# Pre-Hung Door install: Before Flooring or After?



## SoCalLivin

If your going with a hard surface, I would do it after. This way you will not have to notch the flooring around or undercut the jamb or casing. If you go with carpet that has a pile, I don't think it matters either way. The only issue I see installing it after, would be you maybe having to trim the length of the jamb a little to fit the rough opening due to the increased height from the flooring.

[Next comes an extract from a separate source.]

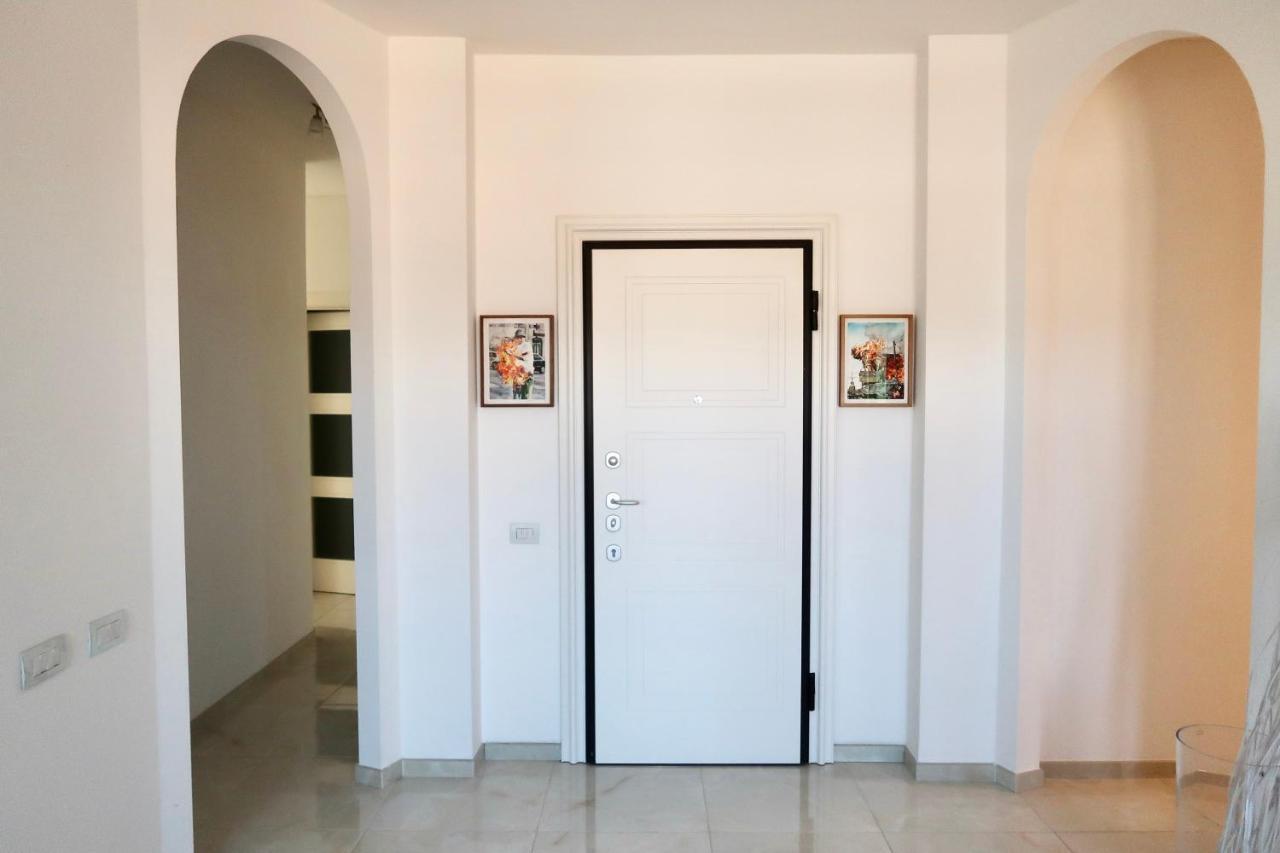 Lux 180Sqm Flat - Entire Last Floor Milano Ngoại thất bức ảnh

But I dont even think that is likely.


----------



## woodworkbykirk

its entirely up to you, depending on who's installing the flooring. if your not very experienced with putting down flooring i would hang the door afterwords because if you dont know the little tricks to tuck flooring underneath a undercut jamb you'll have a really hard time

on a professional job, all the doors are hung first then cased. this is for timing.. by having all the doors and trim up first the painters can come in and spray everything out and get the first coat of color on the walls. then the flooring installers come in and do their thing.. baseboard goes down then the 2nd coat of paint goes on.. it reduces the chances of damage to the floors by putting them in as late as possilbe


----------



## mae-ling

If you do it after you really need to account for unevenness in the floor.
I think with carpet do it first, hard flooring do it after.


----------



## otch

Usually flooring most of the time goes first.
Then you simply put your door jamb and trims on top of the flooring.
That it. Very simple.
Always try to keep it simple.


----------